Environment plays a major role in fish aggression. Tank size has a lot to do with this, as well as how the tank is aquascaped, water parameters, and other fish species included. With shoaling fish, there is also the aspect of how many of the species needs to be present, and this can vary with the species.
Taking the last aspect first, shoaling fish need a group for several reasons, one of which is interaction. The species may have specific social behaviours, a pecking order, dominant/submissive roles, etc. Recent studies have proven beyond doubt that when shoaling fish are maintained in too small a group (one study used five as the absolute minimum) aggression is almost certain to occur. Normally-aggressive species heighten their aggressive tendencies, while normally peaceful species can become nippy and more like bullies not only to their own but other species as well. Think of this as the fish's means of responding to what it finds intolerable; it simply "lashes out" out of frustration. Sometimes it may respond the opposite--by withdrawing so much that it simply wastes away.
To the environment issue. The same increased aggressive behaviours were observed when fish were kept in too small a space. Bare tanks also bring out aggression. Inappropriate water parameters (temperature, pH and hardness) can also affect aggression. And having the wrong fish as tankmates--putting a fish like a Serpae Tetra
with inherent nipping tendencies in a tank with angelfish is only asking for trouble because the slow sedate angelfish with its trailing fins is too much of a temptation.
Howard Goldstein authored an article in the December TFH
entitled Community Fish Cautions
. He lists several frequently-seen and so-called "community fish" that can create havoc. But he makes a very valid point first up: "It's Not the Fish; It's the Tank
. These fish are not difficult to keep. Their required conditions are not hard to create and maintain, but they must be met."
To return to your Silvertip Tetra
. A group of 8 or more in a spacious tank at least 3 feet in length with lots of plants for cover but also space to swim lengthwise and with a slight current from the filter will likely be model citizens. Put the same fish in a 20g high and they may nip each other repeatedly.
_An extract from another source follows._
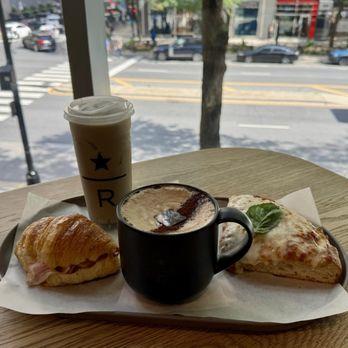 Starbucks Reserve Roastery Chicago - Prosciutto & Fontina Croissant, Iced Brown Sugar Hojicha Tea Latte, Tiramisu Latte, Margherita Focaccia - Coffee Roasteries Near Me - Chicago, Illinois Starbucks Reserve Roastery Chicago - Prosciutto & Fontina Croissant, Iced Brown Sugar Hojicha Tea Latte, Tiramisu Latte, Margherita Focaccia - Coffee Roasteries Near Me - Chicago, Illinois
This is applicable to many species.
A last word on what one perceives in fish store tanks. This cannot always--in truth, rarely should--be taken as indicative of the fish's behaviour or compatibility. What appears on the surface to "work" in the store tank may in fact be so harmful to the fish that they are irreparably weakened. Over-crowding a species sometimes stresses the fish so much that they behave just the opposite. They are being forced into a situation that is not to their liking, and cannot respond normally. Place them in the proper environment at home, and the normal tendencies will return, sometimes. Sometimes the stress may be so great that the fish is permanently disabled, so to speak. And this works both ways; peaceful fish may become aggressive, whereas mildly-aggressive may be so docile they waste away.